Hi! While I understand how to implement forward propagation algorithm ,as it was described in machine learning specialization course 2, I found it difficult to understand how exactly our model is learning proper weights? First we generate some random weights to start with something. Then we feed our first neuron with them and with X. Next step is to apply activation function in case of my scenario it is sigmoid. We repeat over and over. Where exactly is the learning part? I suppose it’s about how sigmoid function works but I might be wrong.

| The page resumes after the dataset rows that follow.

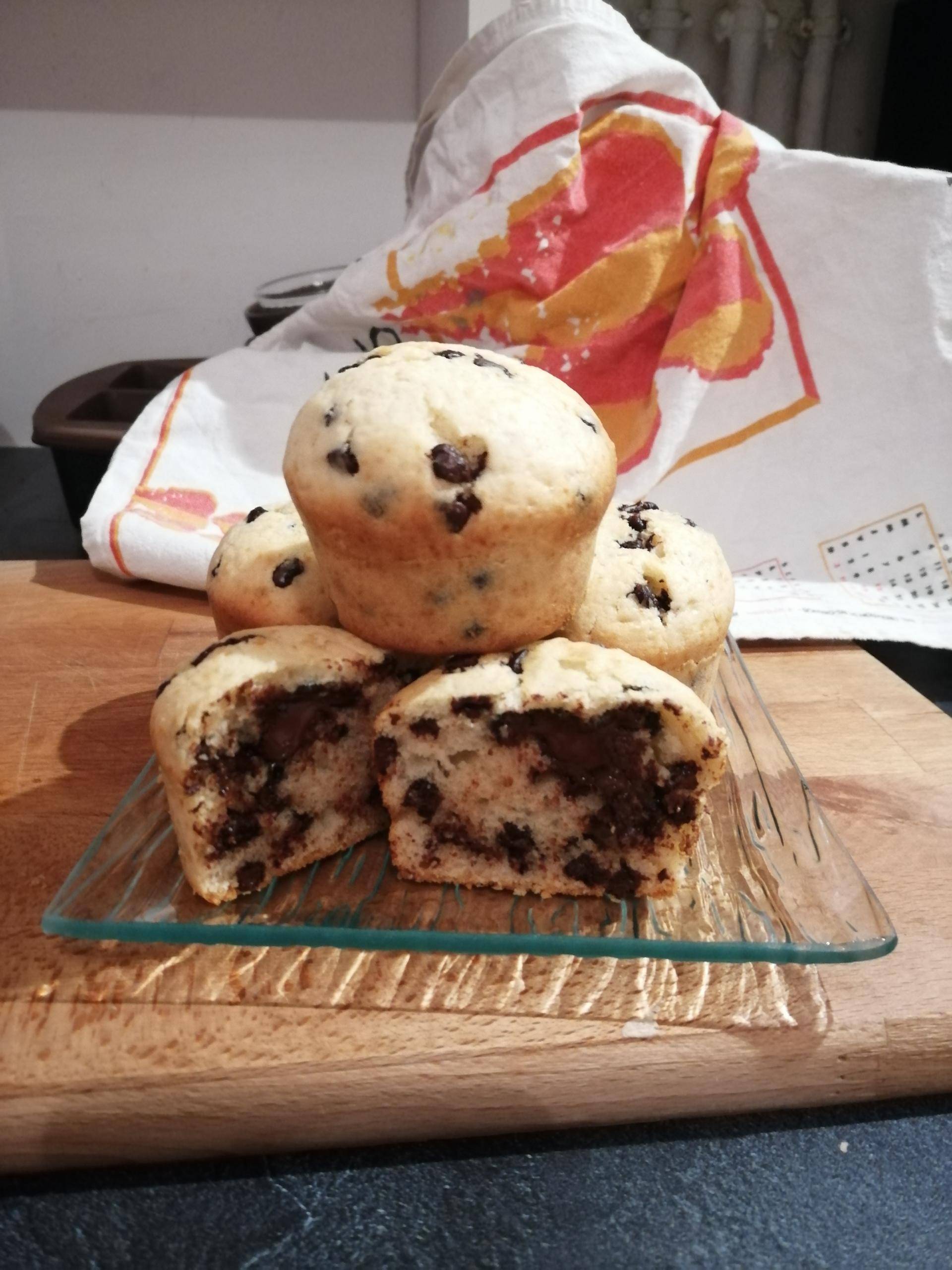 Muffin pépite chocolat cœur fondant - Recette Cake Factory | Tefal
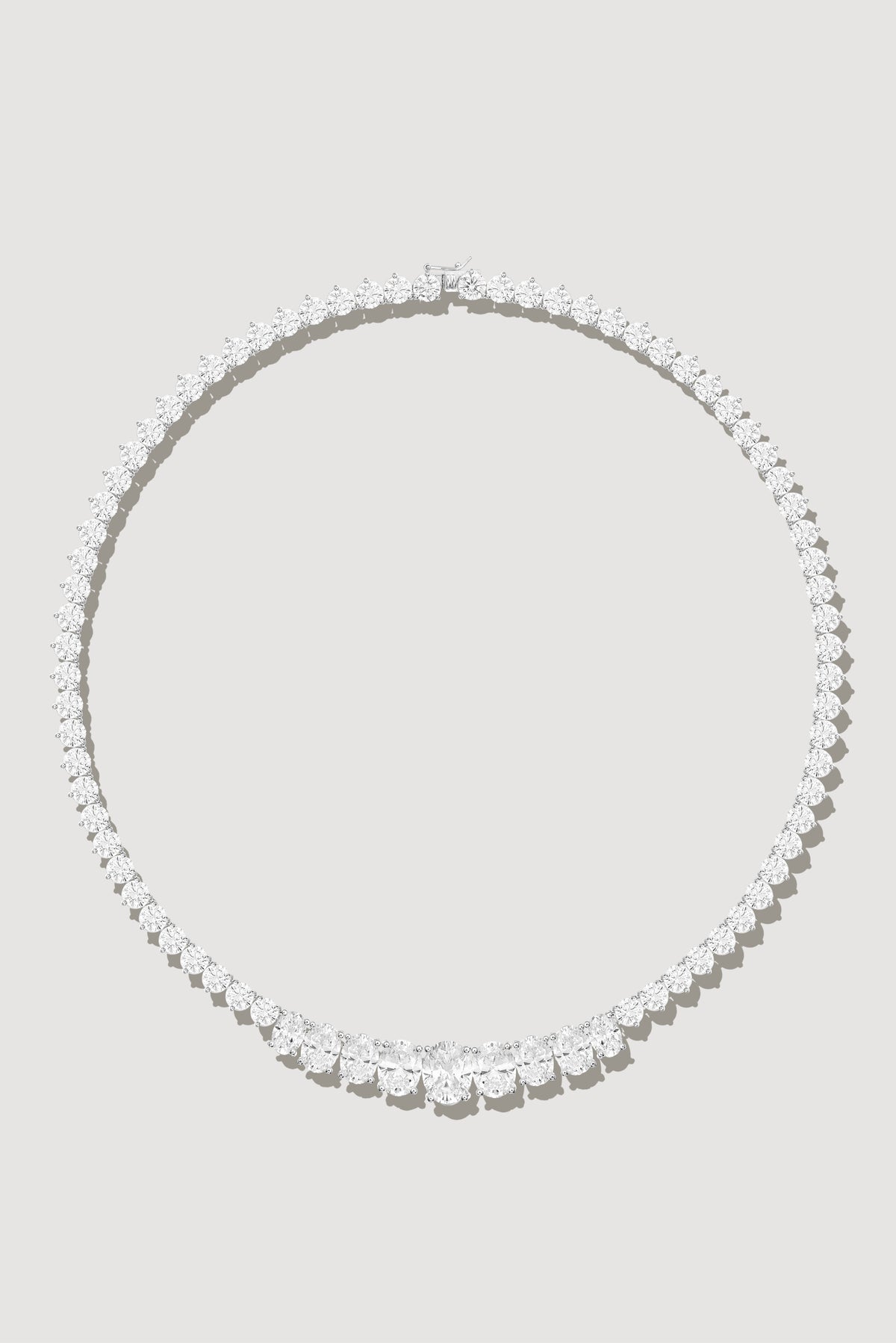 Oval & Round Cascade Necklace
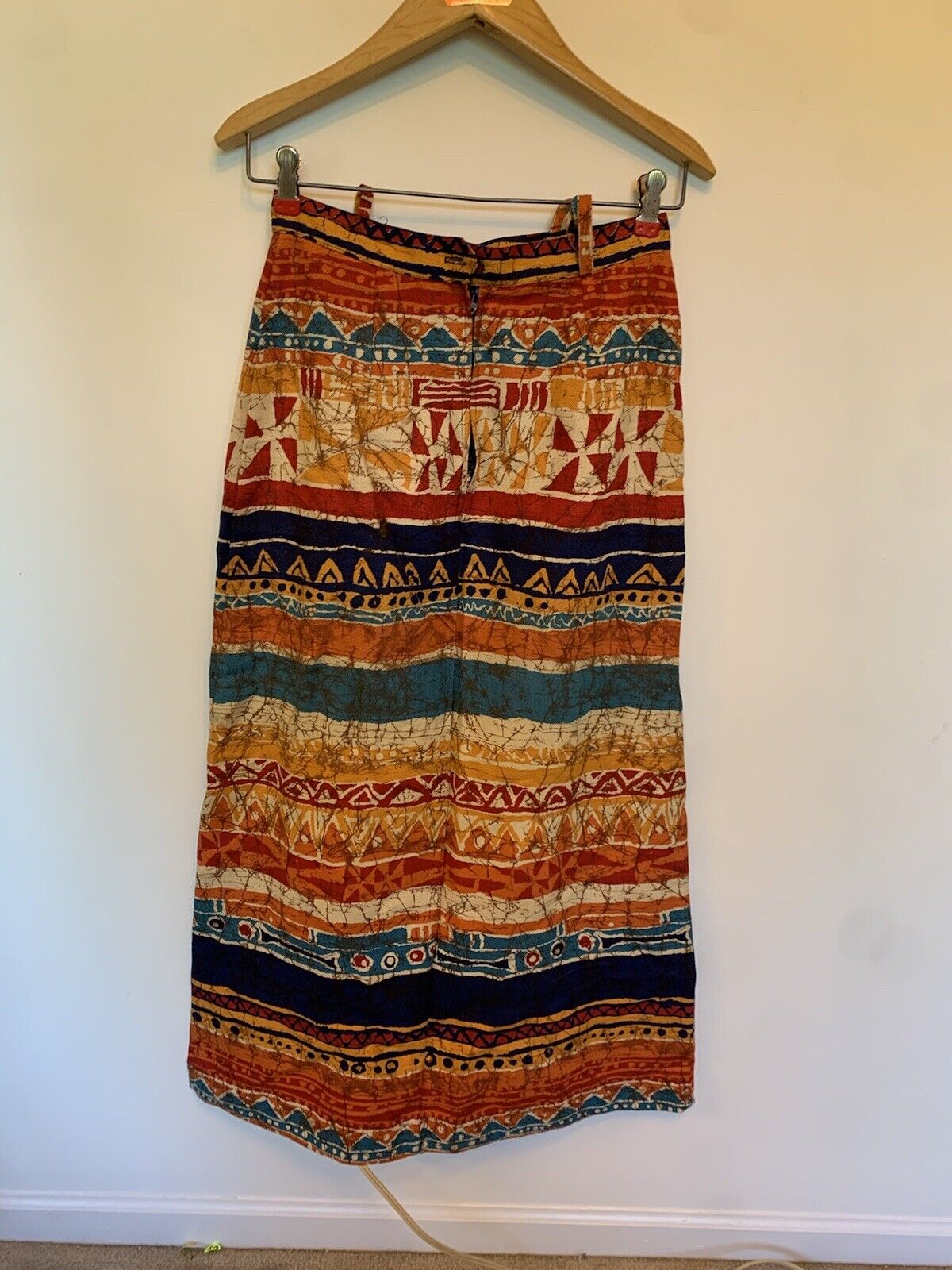 vintage handmade pattern aztec skirt thick midi - Fresh Stock Dated March 2026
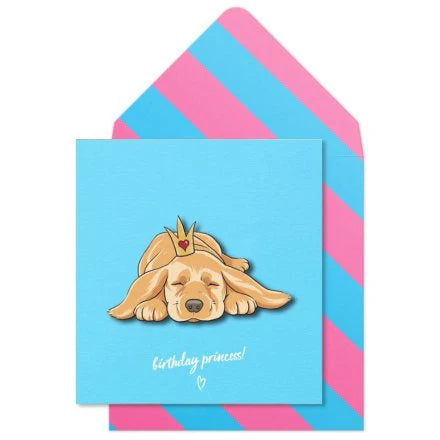 3D Birthday Princess Greeting Card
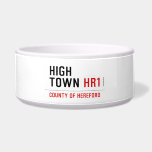 HIGH TOWN  Pet Bowls
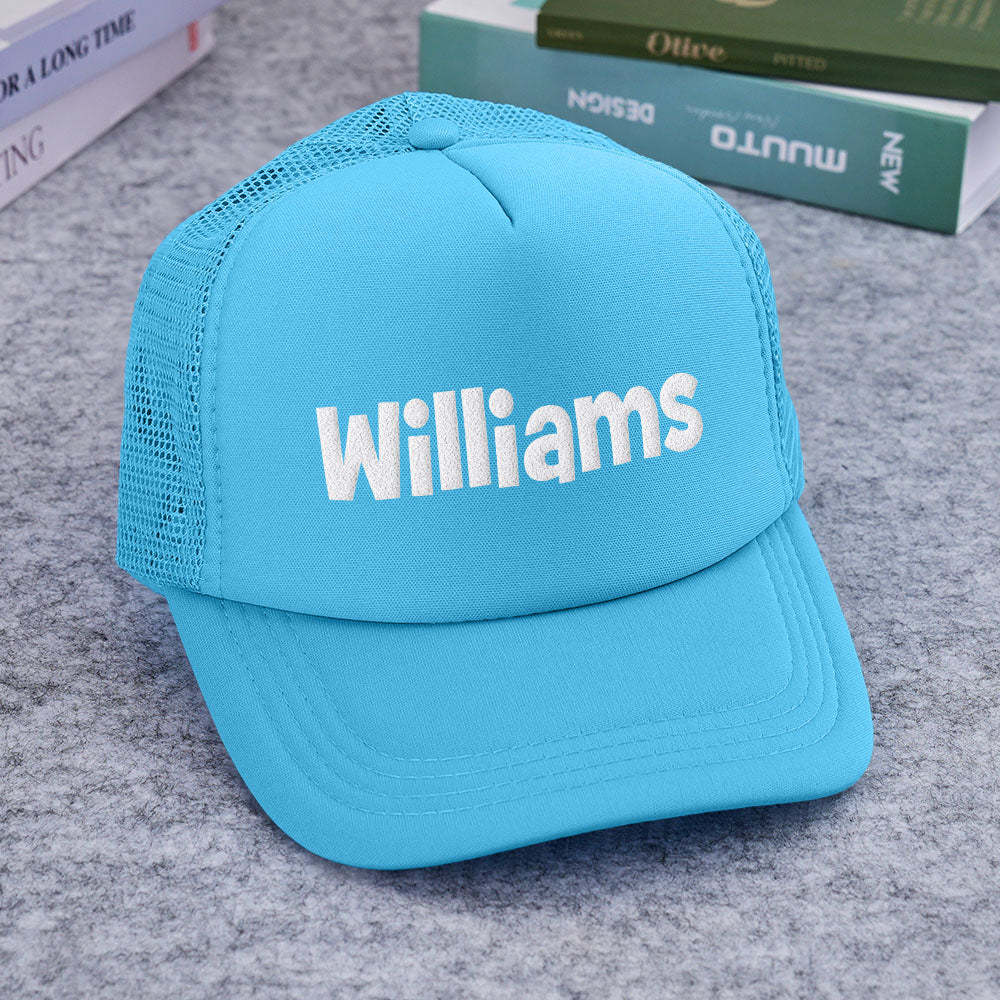 Custom Puff Print Trucker Hat Personalized Foam Trucker Caps for Adult - SantaSocks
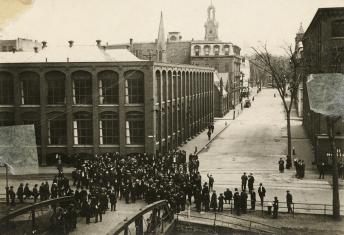 Lawrence mill during the strike.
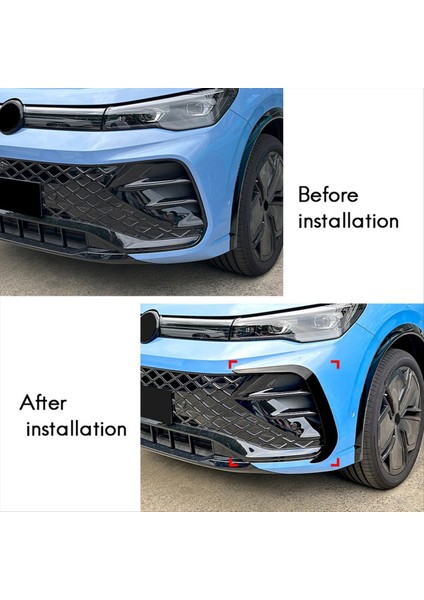 Araba Ön Tampon Dudak Ayırtıcı Spoiler Sis Vw Tiguan Mk3 Rlıne 2024+ Karbon Fiber Desen Için (Yurt Dışından) fiyatları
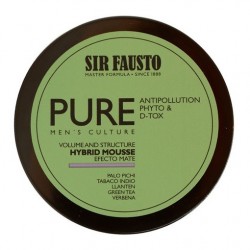 Sir Fausto Pure Hybrid Mousse Cera Detox Volumen Mate 100ml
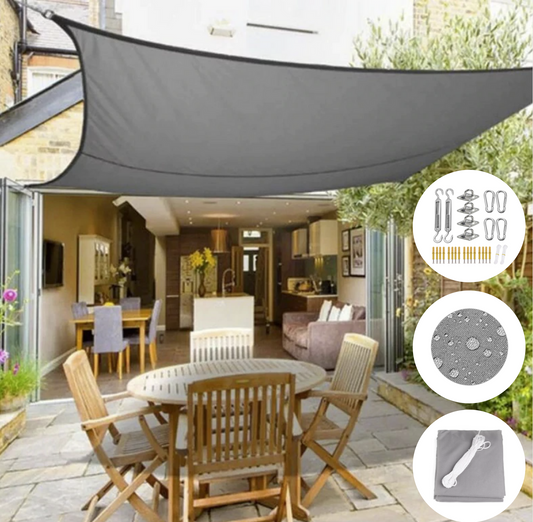 Toile d’Ombrage de Luxe | Imperméable et Protectrice, Décorative pour Votre Balcon ou Terrasse !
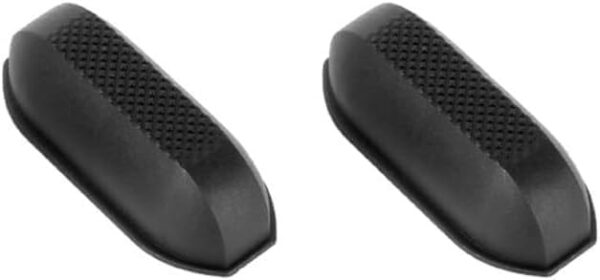 2Pcs Replacement Plastic Stud Luggage Feet Pads Baggage Replacement Stud Foot Black Feet Pads for Luggage Bags Suitcase Stand Feet for All Suitcase Luggage and Travel Gear Accessories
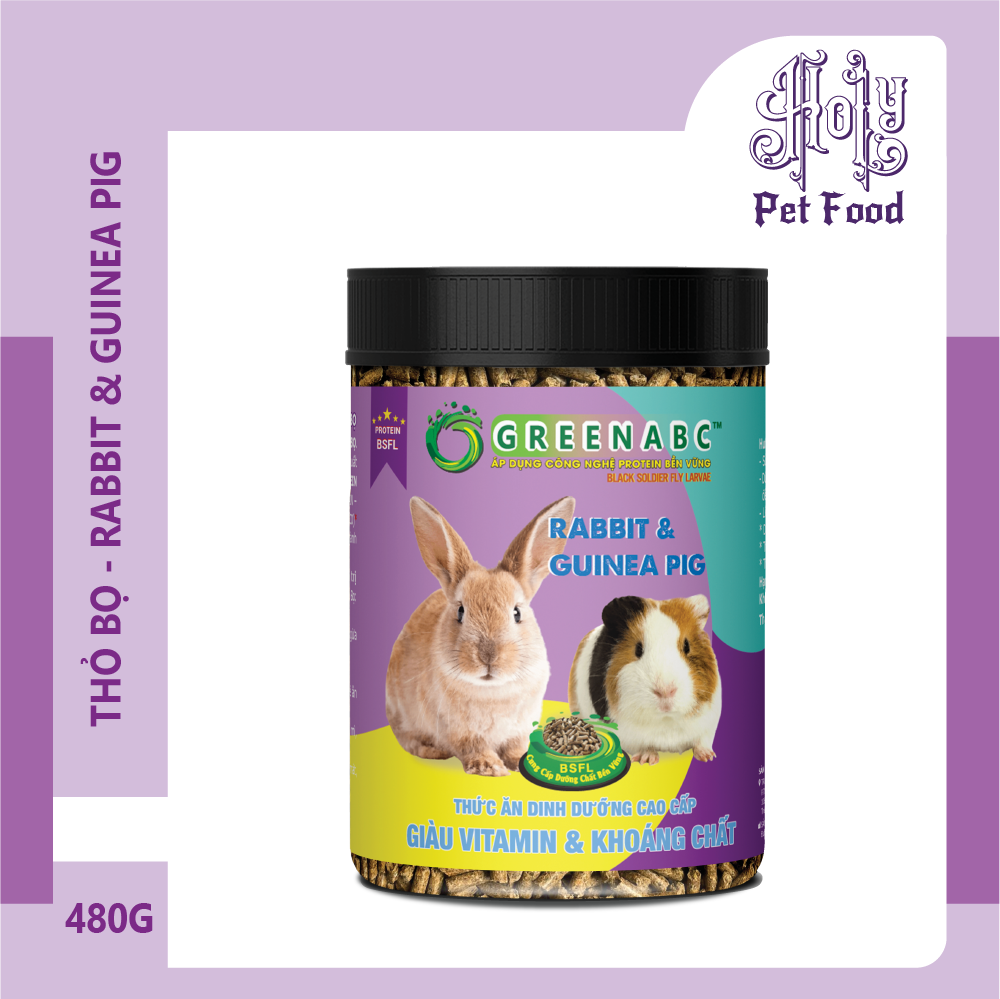 Thức ăn THỎ BỌ, Rabbit, Guinea Pig - Cơ thể săn chắc, Tăng đề kháng - hộp 480g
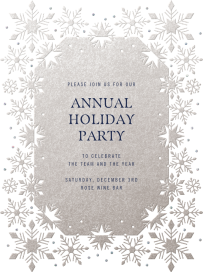 Little Paper Snowflakes - Corporate Holiday Party Invitation by Paperless Post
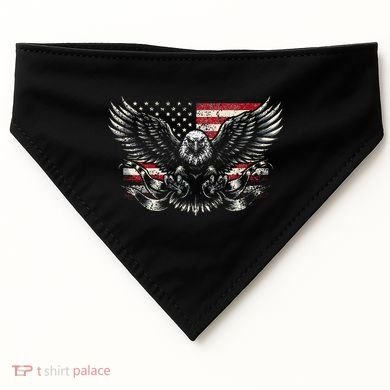 Bald Eagle Patriotic American Eagle Gift USA-Made Doggie Bandana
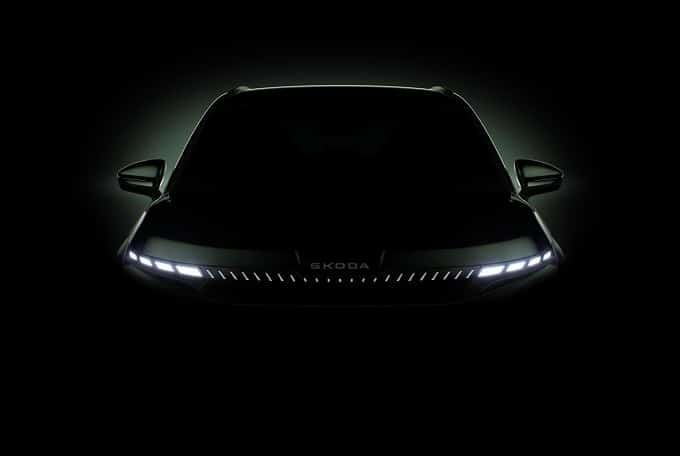 Skoda Elroq: primo sguardo al look del nuovo SUV compatto elettrico [TEASER]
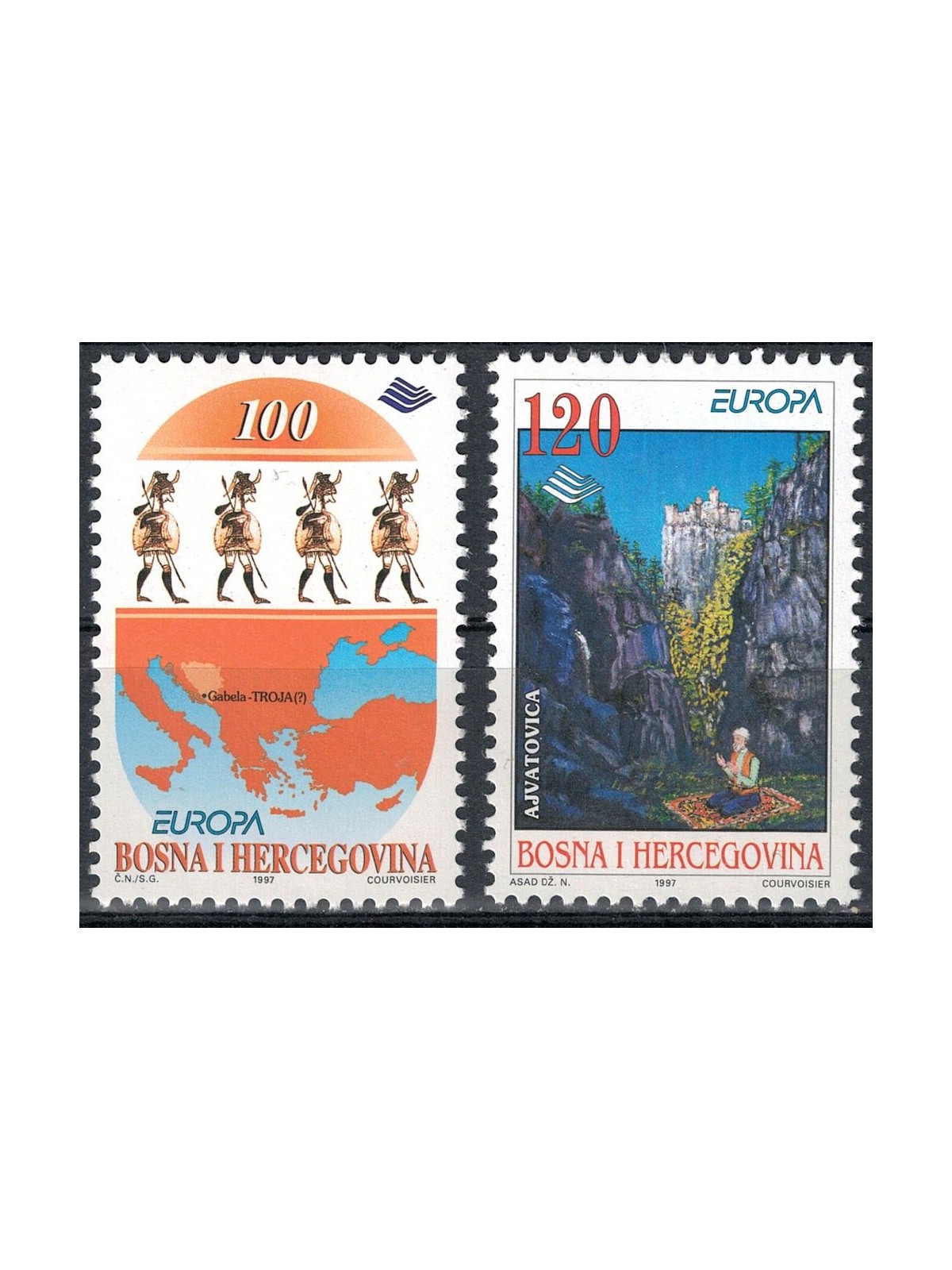 BOSNIA AND HERZEGOVINA 1997 Europe 2v MNH**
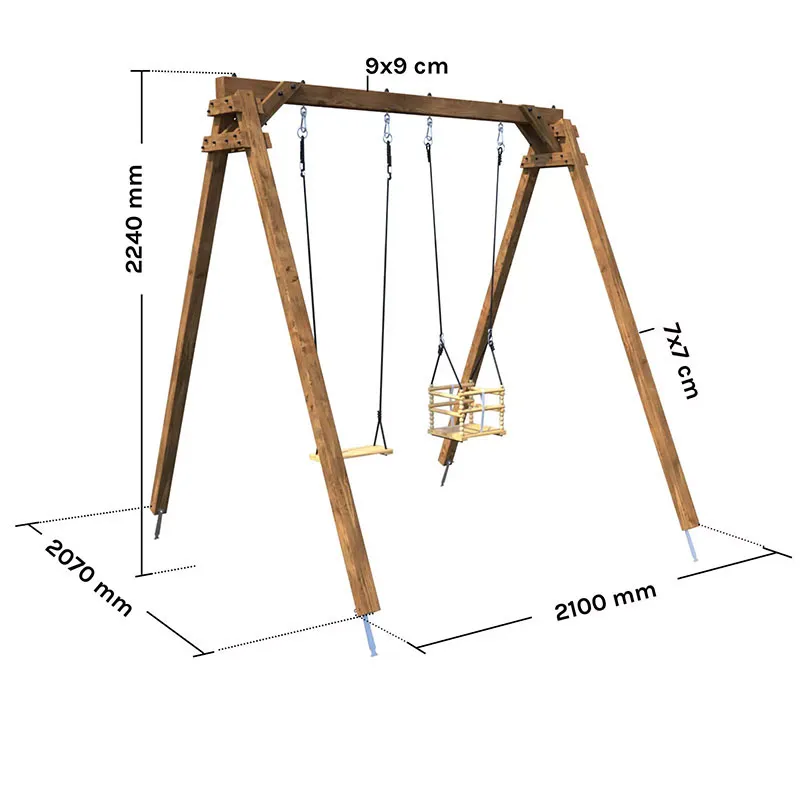 Portique 2 agrès Ambre - 6m+-8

Thanks and wish you all the best.
My attempt to explain in a mostly non-mathematical way…
- Run forward propagation and produce an output value (prediction)
- Compute error between prediction and known correct value. (Loss Function)
- Make a small change in each weight in the direction that you think will reduce total error. (Backwards Propagation)
- Repeat
This process of iterating many times to gradually reduce error between predicted and correct known value we anthropomorphize as learning.
Note that math powers both the ‘compute the error’ and the ‘in the direction of reducing total error’ parts, and to really understand what learning means, you need to read and comprehend those equations/expressions.
EDIT: @TMosh uses the important word gradient below, which is part of the ‘in the direction of reducing error’ computation. Learning is a much more accessible way of describing this process than iterative first-order optimization of a locally differentiable function
Using TensorFlow or sklearn, the learning happens behind the scenes. When you fit a model, in the background the layers are computing the gradients based on the results of forward propagation as @ai_curious described. This learning process (updating the initial weights) is the step 3 in his reply.
The same process is discussed in the earlier portions of the MSL course, where you implement functions that are usually called “compute_gradients” and “update_parameters()”.
If you haven’t reached that point yet, you’ll get there soon.
The thing is code which was introduced as ,from scratch neural network" is looking like that:
def my_dense(a_in, W, b):
“”"
Computes dense layer
Args:
a_in (ndarray (n, )) : Data, 1 example
W (ndarray (n,j)) : Weight matrix, n features per unit, j units
b (ndarray (j, )) : bias vector, j units
Returns
a_out (ndarray (j,)) : j units|
“”"
units = W.shape[1]
print(f"units {units}“)
a_out = np.zeros(units)
for j in range(units):
w = W[:,j]
print(f"w {w}”)
z = np.dot(w, a_in) + b[j]
a_out[j] = g(z) # g(z) is just a sigmoid function
return(a_out)
def my_sequential(x, W1, b1, W2, b2):
a1 = my_dense(x, W1, b1)
a2 = my_dense(a1, W2, b2)
return(a2)
def my_predict(X, W1, b1, W2, b2):
m = X.shape[0]
p = np.zeros((m,1))
for i in range(m):
p[i,0] = my_sequential(X[i], W1, b1, W2, b2)
return(p)
I don’t understand where is gradient in this code. It’s just passing inputs computed with sigmoid g(z) function to next layers, without performing any gradient.
Nevermind i just found out that above this code we generate weights with keras model and then we pass them to our code. Thanks for help!
What your code fragment doesn’t include is any training loop. This is where the iterative computation of prediction, error, and gradient occurs. As shown, your model isn’t doing any learning and your observation is entirely correct…it’s just making a prediction on one static set of weights and inputs.